I have other files and directories containing non-Latin characters which are displayed without problem over NFS, so I sincerely doubt that has anything to do with it. Even if it did, the problem should be always present, but like I said, it only presents itself occasionally.

----------

## Ivion

Just to exclude the possibility of it being either a hardware or a filesystem error I ran SMART self-tests on both hard drives and checked the XFS filesystem with `xfs_repair -n`. The "Extended offline" self-tests reported "Completed without error" for both sda and sdb, and xfs_repair found nothing wrong with the consistency of the filesystem.

I've also moved the offending directories into their own subdirectory and they continued to misbehave occasionally as before, so now I've made copies of those misbehaving directories and will report back if they continue to show the same behaviour.

Just to make clear once more, these problems are non-existent on the server itself - I can browse around just fine and if I `ls` the directories giving me trouble (trouble on the NFS clients that is) the problems disappear... for a while (maybe 30 minutes to an hour). It's only on the NFS shares mounted on the clients I have problems with certain directories - whenever the problems arise it seems to effect the same directories, hence why my last effort has been copying them in the hope of fixing whatever is wrong. Does NFS have a maximum entries per directory? Or a maximum file-depth I'm bumping against? I'm seriously lost.

PS: Samba has none of these problems, the Windows clients on my network using SMB have not suffered from these problems. It's solely the Linux clients (a Gentoo and an Ubuntu box) using the NFS share.

----------

## zeronullity

Has NFSv4 had issues with large directories in the past YES, does it currently have with the version your using.. I'm not sure.

You can try setting your test directories using standard file names, similar sizes, permissions, etc. to see if same behavior occurs with small/large amount of files.
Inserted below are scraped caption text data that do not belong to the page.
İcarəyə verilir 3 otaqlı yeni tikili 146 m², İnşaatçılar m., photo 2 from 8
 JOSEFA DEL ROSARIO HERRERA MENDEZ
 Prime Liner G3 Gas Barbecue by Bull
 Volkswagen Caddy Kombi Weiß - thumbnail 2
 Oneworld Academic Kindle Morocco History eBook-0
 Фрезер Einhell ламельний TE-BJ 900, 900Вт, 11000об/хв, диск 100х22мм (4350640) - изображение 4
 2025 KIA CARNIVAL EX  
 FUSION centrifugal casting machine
If it only happens on certain directories that should be a red flag.

Approx. how many files are we talking about..?

Did you check your setting for fs.file-max/fs.file-nr?
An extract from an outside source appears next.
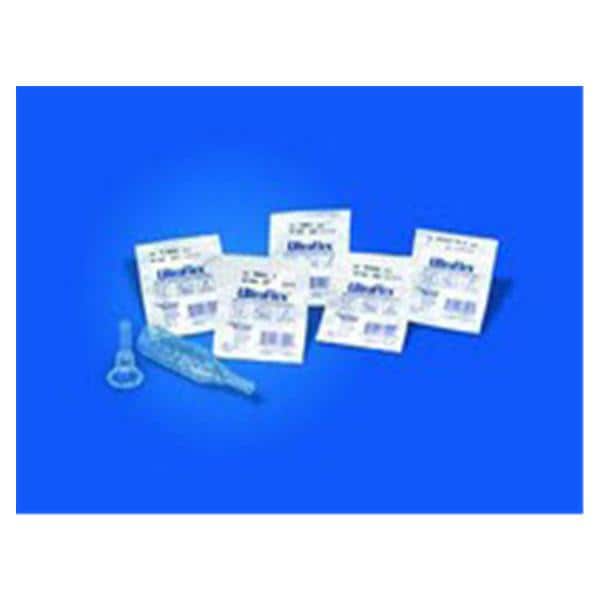 Rochester Medical UltraFlex External Catheter Silicone _ - 33103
The maximum file size over NFSv4 on ia32, when server runs XFS is 8 TB. This match to the maximal file size the local file system is able to create (on this architecture). So I don't think file size has anything to do with it. Number of files in a directory is more likely.

Have you tried sshfs any problems with that?
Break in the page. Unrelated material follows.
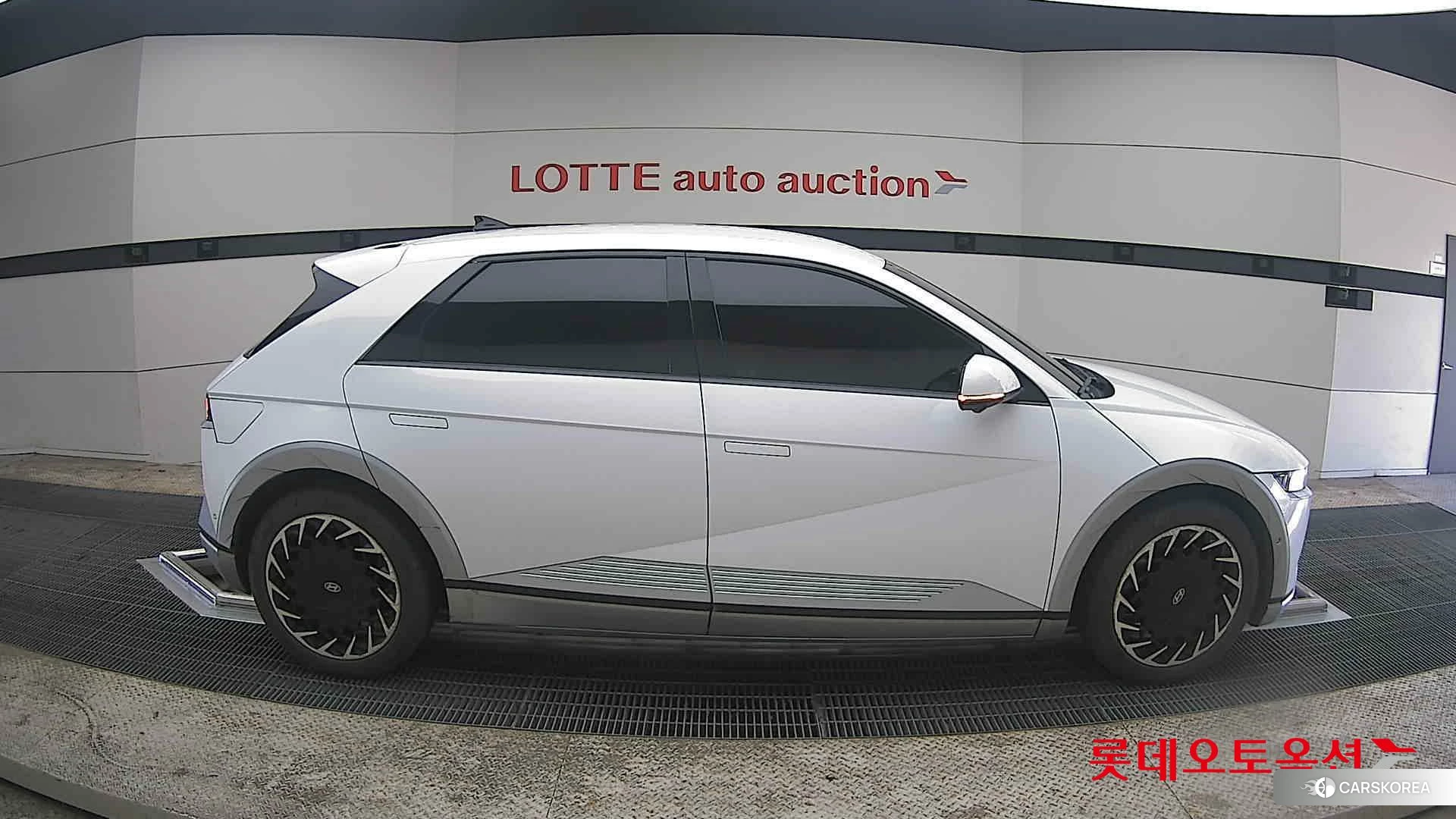 Hyundai IONIQ 5 id 3882032 из Кореи 23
NFS may not like the name/path or # of files in your directory for what ever reason, I'd make more directories for testing to narrow the issue,

making sure to omit the directories you had issues with previously. Perhaps even making a COPY of the directory having all the issues and try 

resetting file mode/permissions & file names recursively with different values.

I know on other NFS OS, similar issues are related to user permissions and if your using SYS_AUTH or kerberos, even having too many groups in a uid could cause issues if running older versions NFS /w newer versions of NFS on some particular systems.

There is a option also if I recall correctly to run v4 as v3 in dumbed down mode I don't recall what it is on Linux.. you may try that also.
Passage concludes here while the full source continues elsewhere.